• _Data section_:
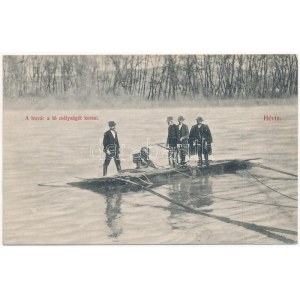 1923 Hévíz, Búvár a tó mélységét keresi. Kiadja Mérei Ignác, a Balaton írásban és képben című könyv 634. 1909. ...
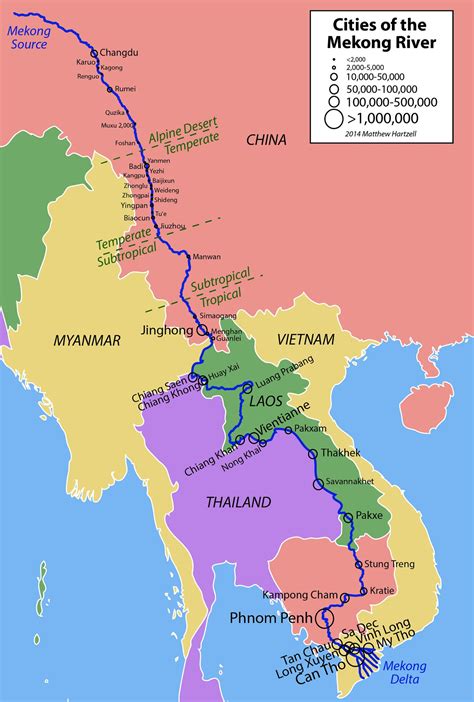 World Map Mekong River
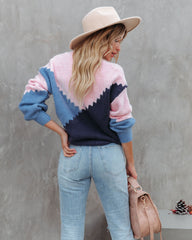 Festive Times Knit Sweater - Navy Ins Street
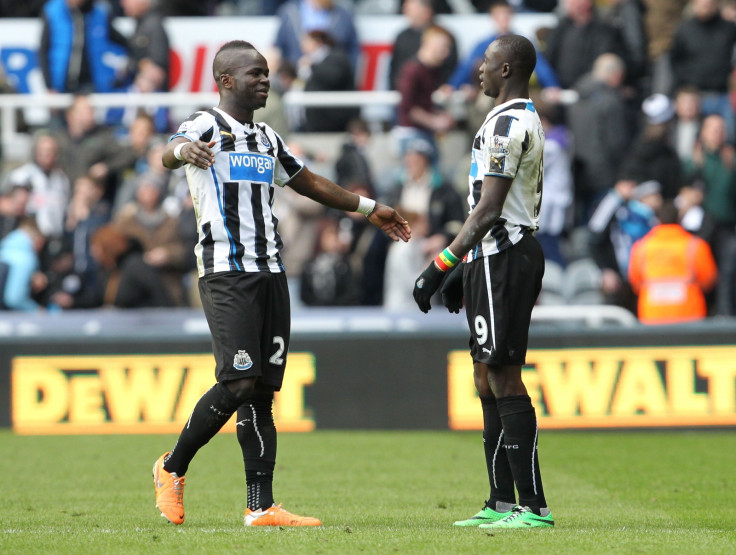 Papiss Cissie and Cheick Tiote Papiss Cissie and Cheick Tiote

• _Task directions_: Print the entire listing precisely as written, omitting the images it holds.

• _Exercise solution_:
 1923 Hévíz, Búvár a tó mélységét keresi. Kiadja Mérei Ignác, a Balaton írásban és képben című könyv 634. 1909. ...
 World Map Mekong River
 Festive Times Knit Sweater - Navy Ins Street
 Papiss Cissie and Cheick Tiote Papiss Cissie and Cheick Tiote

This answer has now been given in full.